Secara umum, konstitusi hanya mengenal 2 (dua) jenis lingkungan peradilan yakni lingkungan peradilan dibawah Mahkamah Agung (MA) dan peradilan Mahkamah Konstitusi (MK) yang diatur lebih lanjut dalam UU No. 24 Tahun 2003 tentang MK dan UU No. 3 Tahun 2009 tentang MA.
Jenis - jenis lembaga peradilan
Perspektif komparasi, mengenal jenis badan peradilan di Indonesia, barangkali dapat menjadi referensi untuk mewujudkan badan peradilan khusus pilkada di Indonesia. Ada badan penyelesaian sengketa konsumen (BPSK) sebagai badan semacam peradilan dalam persoalan perlindungan konsumen melawan pelaku usaha.
Hal ini mandat dari Pasal 49 ayat (1) UU No. 8 Tahun 1999 tentang Perindungan Konsumen dan Kepmenperindag Nomor 350/MPP/Kep/12/2001. Ada juga, Penyelesaian Perselisihan Hubungan Industrial (PPHI) sebagai badan semacam peradilan dalam penyelesaian persoalan hak buruh atau tenagakerja melawan pihak perusahaan. Hal ini mandat dari Pasal 55 UU No. 2 Tahun 2004 tentang Penyelesaian Perselisihan Hubungan Industrial (PPHI).
Ada Pengadilan Tindak Pidana Korupsi (Tipikor) sebagai badan peradilan dalam penyelesaian persoalan terdakwa korupsi melawan negara.
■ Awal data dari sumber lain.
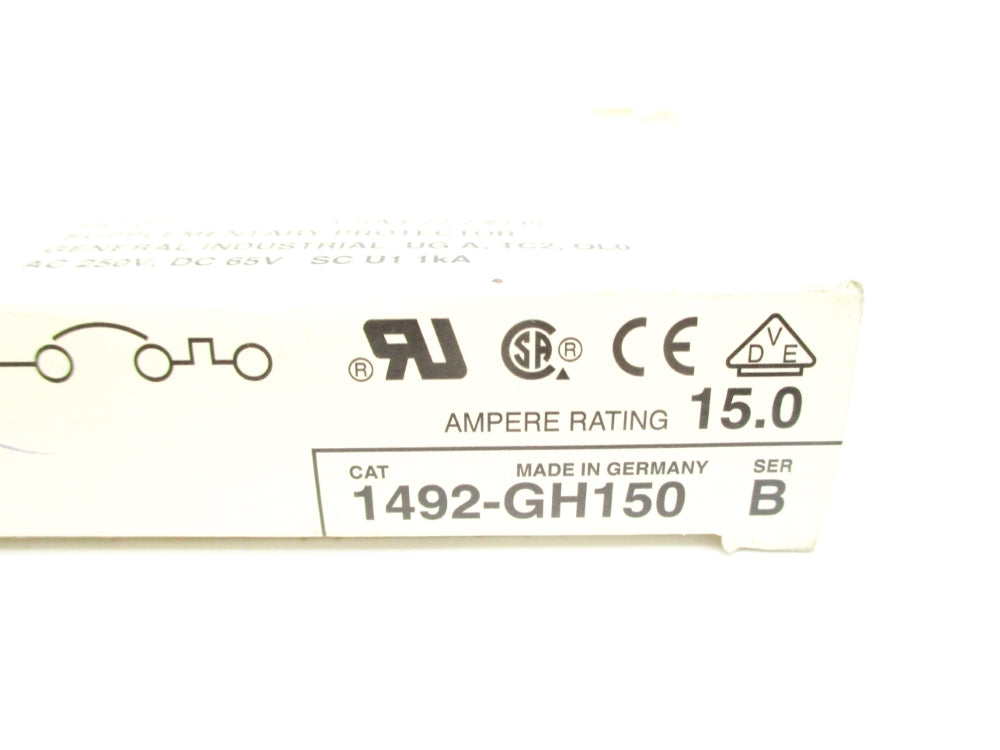 ALLEN BRADLEY 1492-GH150 SER. B 250VAC 15A NSMP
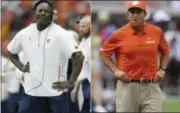  ?? AP FILE PHOTO ?? Syracuse head coach Dino Babers (left), Clemson head coach Dabo Swinney (right).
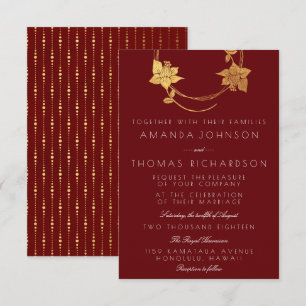 Burgundy Maroon Gold Wreath Vertical Gold Red Drop Invitation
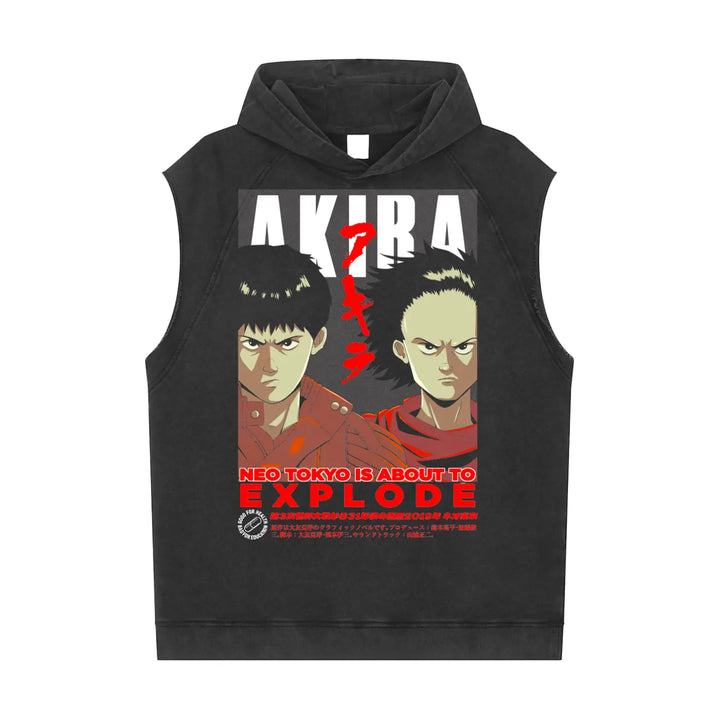 Akira Snow Washed Sleeveless Hoodie ODMPOD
Hal ini mandat dari pasal 53 s/d 62 UU No. 30 Tahun 2002 tentang Pengadilan Tipikor. Ada Peradilan Pajak sebagai badan peradilan terhadap penyelesaian persoalan wajib pajak melawan kementerian keuangan bagian dirjen pajak.
Hal ini mandat dari UU No. 14 Tahun 2002 tentang Pengadilan Pajak. Ada peradilan niaga sebagai badan peradilan terhadap kreditur (pemberi kredit) atau pelaksana usaha melawan debitur (pengelola kredit) atau pemberi usaha. Hal ini mandat dari pasal 2 ayat (3), ayat (4), ayat (5) UU No. 37 Tahun 2004 tentang Kepailitan dan Penundaan Kewajiban Pembayaran Utang (Kepailitan dan PKPU).
Secara fungsi quasi peradilan, ada badan yang berdiri secara otonomi dalam melaksanakan fungsi tersebut. Misalnya, ada Komisi Informasi suatu lembaga / badan untuk menyelesaikan persoalan pengguna hak informasi melawan lembaga pelayanan informasi. Hal ini, melaksanakan perintah pasal 1 ayat (7) UU No. 14 Tahun 2008 tentang Keterbukaan Informasi Publik (KIP).